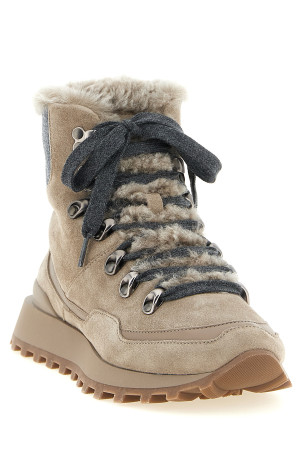 Lace-up ankle boots with hooks Beige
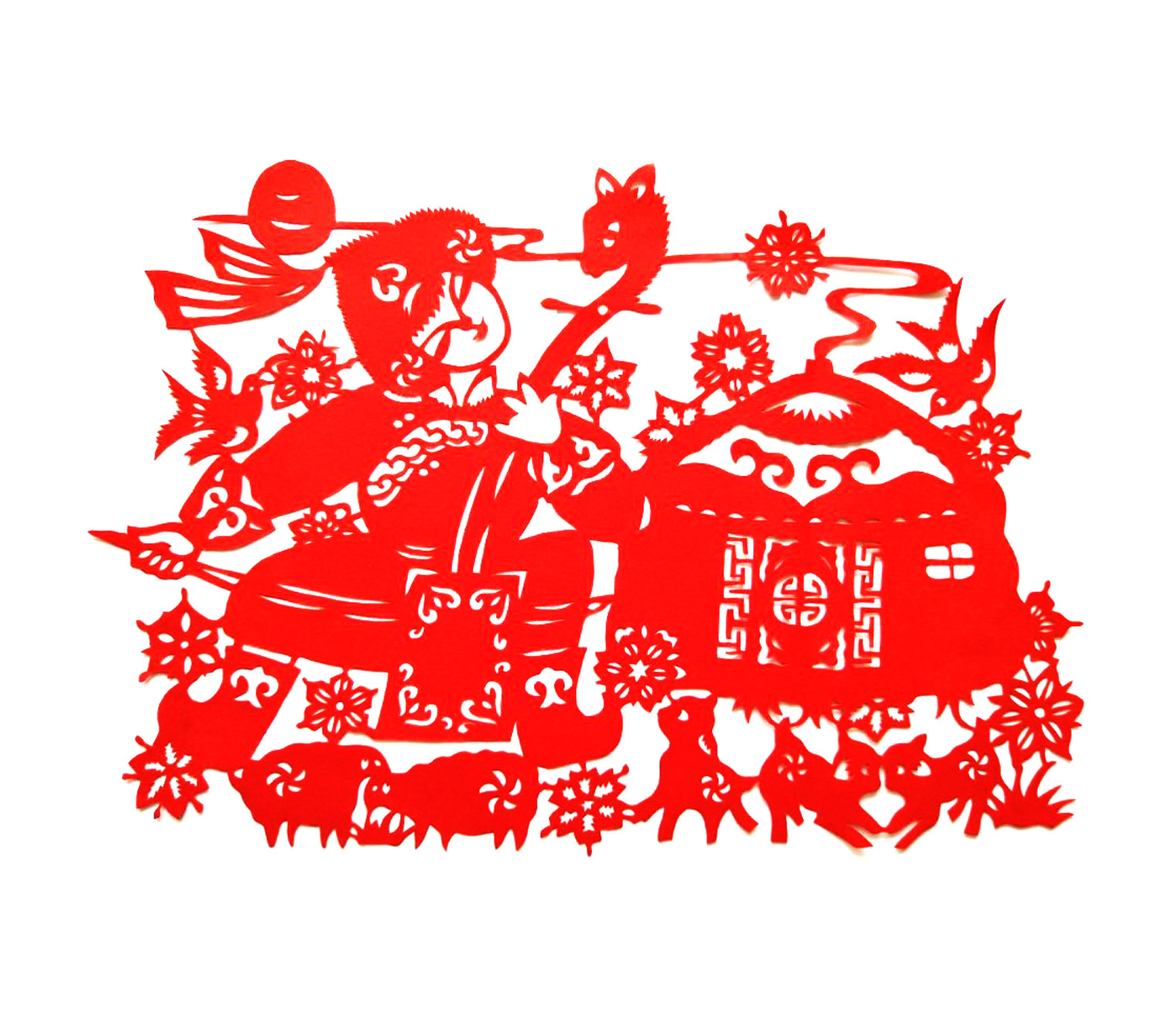 蒙古风情 舞蹈 抗牛 骑马人物 马头琴剪纸贴纸纯手工装饰画红宣纸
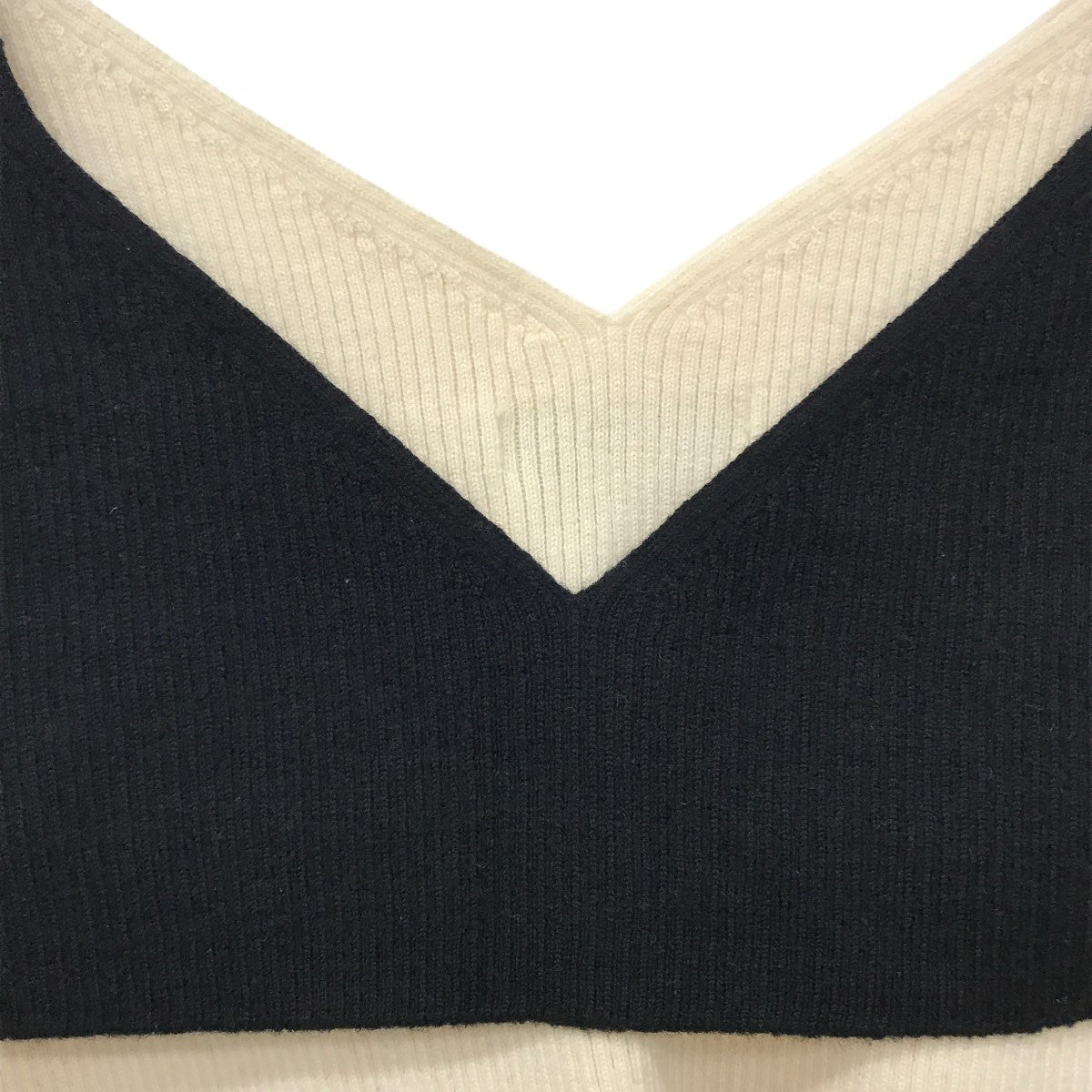 タンタン TAN コンビネーションレイヤードニットキャミソール TN19AW004 ベージュ×ブラック サイズ：F TAN(タンタン) コンビネーションレイヤードニットキャミソール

* EXERCISE INSTRUCTIONS *
After removing the pictures, transcribe the listing above exactly.

* OUTPUT OF THE EXERCISE *
 Lace-up ankle boots with hooks Beige
 蒙古风情 舞蹈 抗牛 骑马人物 马头琴剪纸贴纸纯手工装饰画红宣纸
 タンタン TAN コンビネーションレイヤードニットキャミソール TN19AW004 ベージュ×ブラック サイズ：F TAN(タンタン) コンビネーションレイヤードニットキャミソール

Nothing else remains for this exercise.